How LED lighting treatments affect greenhouse tomato quality
Tomato plants received supplemental lighting from high-pressure sodium lamps or from intracanopy (IC) LED towers. Results showed that tomato quality was largely unaffected by the type of light treatment
To satisfy increasing consumer demand for locally grown, fresh tomatoes during off-seasons, greenhouse tomato growers often need to rely on supplemental lighting. Tomato growers are looking to light-emitting diodes (LEDs), favored for their energy-saving potential, as an alternative to high-pressure sodium lamps (HPS) in greenhouse operations. A recent study offers new information about the feasibility of using LEDs in greenhouse tomato operations.
Michael Dzakovich, Celina Gómez, and Cary Mitchell from the Department of Horticulture and Landscape Architecture at Purdue University published the study of supplemental lighting experiments in HortScience (October 2015). They noted that light-emitting diodes are becoming a viable alternative to high-pressure sodium supplementation. "There is great interest in (LEDs) potential to influence the phytochemical and flavor profile of various high-value crops," the authors said. "However, little fruit quality-attribute work with LEDs has been done on a long-duration, full grow-out of tomatoes."
The researchers conducted three separate studies to investigate the effect of supplemental light quantity and quality on greenhouse-grown tomatoes. Plants were grown either with natural solar radiation only (the control), natural solar radiation plus supplemental lighting from high-pressure sodium lamps, or natural solar radiation plus supplemental light from intracanopy (IC) LED towers. The scientists analyzed plant responses by collecting chromacity, Brix, titratable acidity, electrical conductivity, and pH measurements. "Contrary to our hypothesis, fruit quality was largely unaffected by direct, IC supplemental lighting," the authors said.

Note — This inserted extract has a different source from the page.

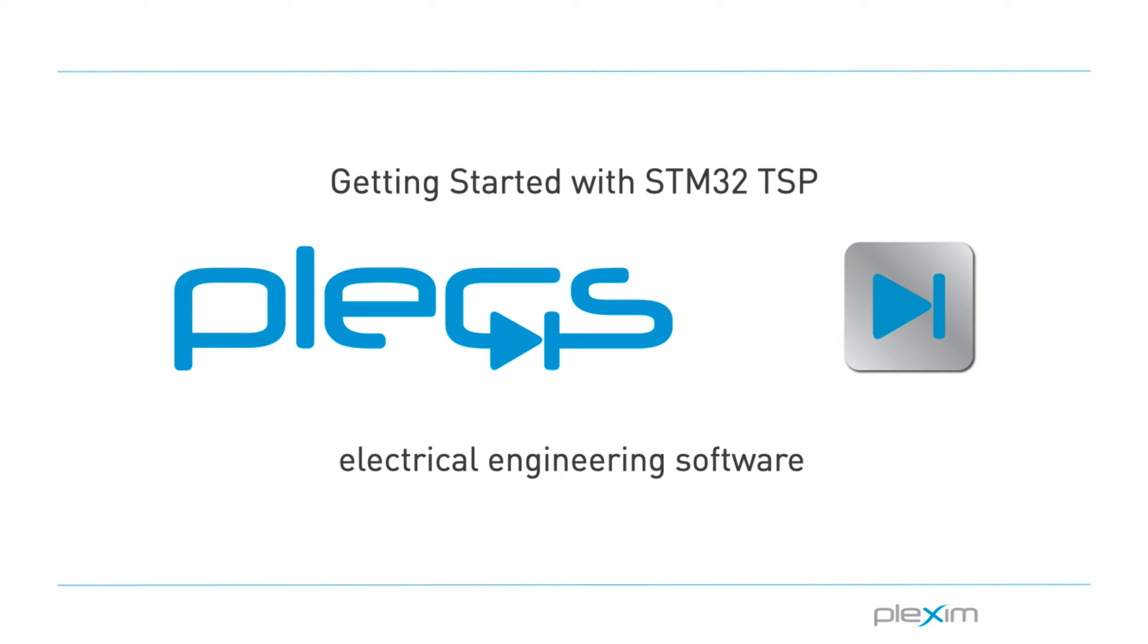Hello everyone! My name is Manu Parimi and I'm an applications engineer at Plexim. I'd like to welcome you to this tutorial video on getting started with the STM32 target support package.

The study also included sensory panels in which tasters ranked tomatoes for color, acidity, and sweetness using an objective scale. The tasters were also asked to rank tomato color, aroma, texture, sweetness, acidity, aftertaste, and overall approval using a five-point hedonic (preference) scale. "By collecting both physicochemical and sensory data, we were able to determine whether statistically significant physicochemical parameters of tomato fruit also reflected consumer perception of fruit quality," the authors said. The sensory panels indicated that physicochemical differences were not noticeable to tasters; in fact, the tasters on the testing panels could not discern between tomatoes from different supplemental lighting treatments or those from the unsupplemented controls.
"This study demonstrated that greenhouse tomato fruit quality was unaffected by both the type of supplemental lighting as well as supplemental lighting per se," the scientists said. "Physicochemical measurements indicated only slight variation among fruits grown under different lighting regimes, and these findings were supported by nonsignificant differences in sensory attributes."
The authors said the results are promising for tomato growers interested in reducing energy consumption in greenhouses. "Supplemental IC-LED lighting at the intensities and wavelengths used in this study did not negatively affect greenhouse tomato fruit quality and demonstrates a potential alternative for overhead high-pressure sodium supplementation," they said.